Maverick marketing

Maverick marketers undermining customer experience efforts


Marketing leaders must climb down from their ivory towers if organisations are to improve their customer experiences.

18th Mar 2020

Marketing leaders must climb down from their ivory towers if organisations are to improve their customer experiences.

New research suggests that in order for organisations to provide a superior customer experience, their marketing departments must align with other business functions - something that the evidence suggests is not happening in many cases.

The Oracle study - ‘Thriving in the Experience Economy: Priorities of a CMO’ - surveyed over 500 marketers, to reveal that two-thirds of the top performing companies in the CX space have marketing departments that are well integrated with the rest of the business. But this is true of only 42% of the average or low-performing firms.

In fact, high-performers indicated that their marketing functions have succeeded in developing a positive relationship with the ecommerce and merchandising department (76%), as well as sales (72%).

However, even they could do a better job of aligning with the two most crucial functions in a CX sense: customer service (68%) and product and service development (51%). The situation was even worse with average or low-performing firms at 38% and 31% respectively.

“Marketing can’t be alone in the responsibility to customer experience,” the report warns. “As brands focus on the interlocking elements of the customer journey, it has helped them understand that CX impact is a function of how well the different parts of an organisation work in concert.”

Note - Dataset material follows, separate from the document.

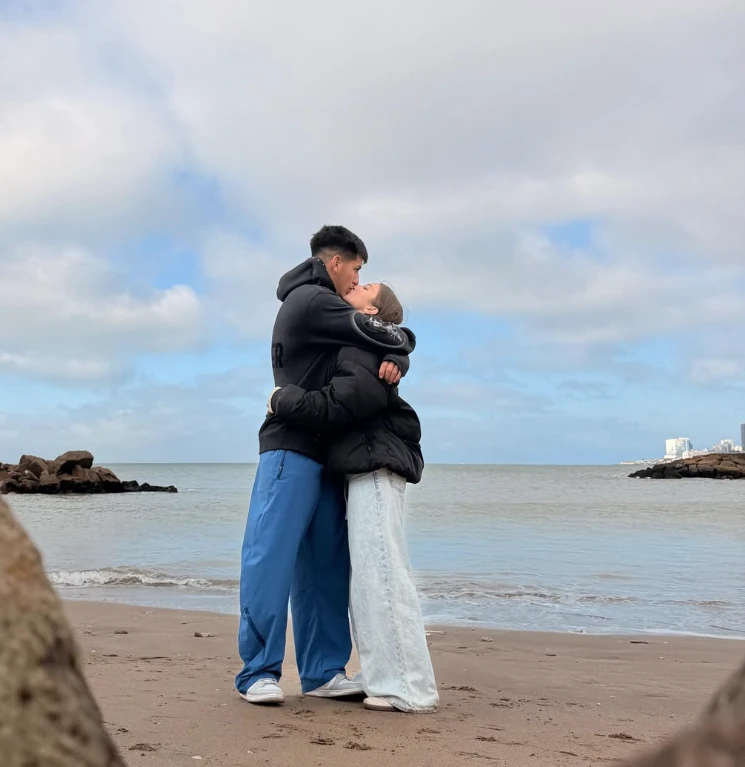 El romance entre Indiana Cubero y Thiago Silvero sigue creciendo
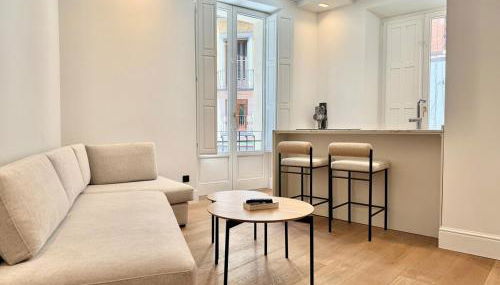 Charming Plaza Mayor Views & Top location - Photo 2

Key obstacles to enabling this cross-functional collaboration include competing interests and structural barriers. Moreover, even high-performers indicate there is room for improvement in how their marketing departments communicate and cooperate with others.

But in order to achieve the aim of providing an “effortless” CX, which is a key goal among top performers (64%), such inter-departmental partnerships are vital. One of the objectives here is to provide customers with personalised products and information that reflects who they are and what they are trying to accomplish, although few organisations are able to provide this kind of service today.

Indeed, even among top performers, “only a slim majority is able to personalise to the individual beyond CRM-driven email, and that share falls to under 30% of mainstream companies”, the report says.

As a result, it lays out a number of approaches to facilitate cross-departmental cooperation based on in-depth interviews with 16 marketers at elite UK brands, such as Fortnum & Mason, BT and Birds Eye. These include:

  • Mapping dependencies: When developing CX offerings, it is important to start by mapping any dependencies that exist within the marketing function, the wider organisation and also with external partners. This dependency map should identify all relevant individuals, data and technical requirements;
  • Creating a communications plan: The aim here is to keep the project in the spotlight, reinforce commitment and reward support. Also discuss with other functions where each other’s key performance indicators overlap and where there might be conflict;
  • Looking elsewhere for inspiration: Rather than limiting the focus to the same sector and key rivals, it makes more sense to explore what as many other sectors are doing as possible – particularly those under stress due to shifts in consumer habits – in order to generate ideas that challenge accepted wisdom.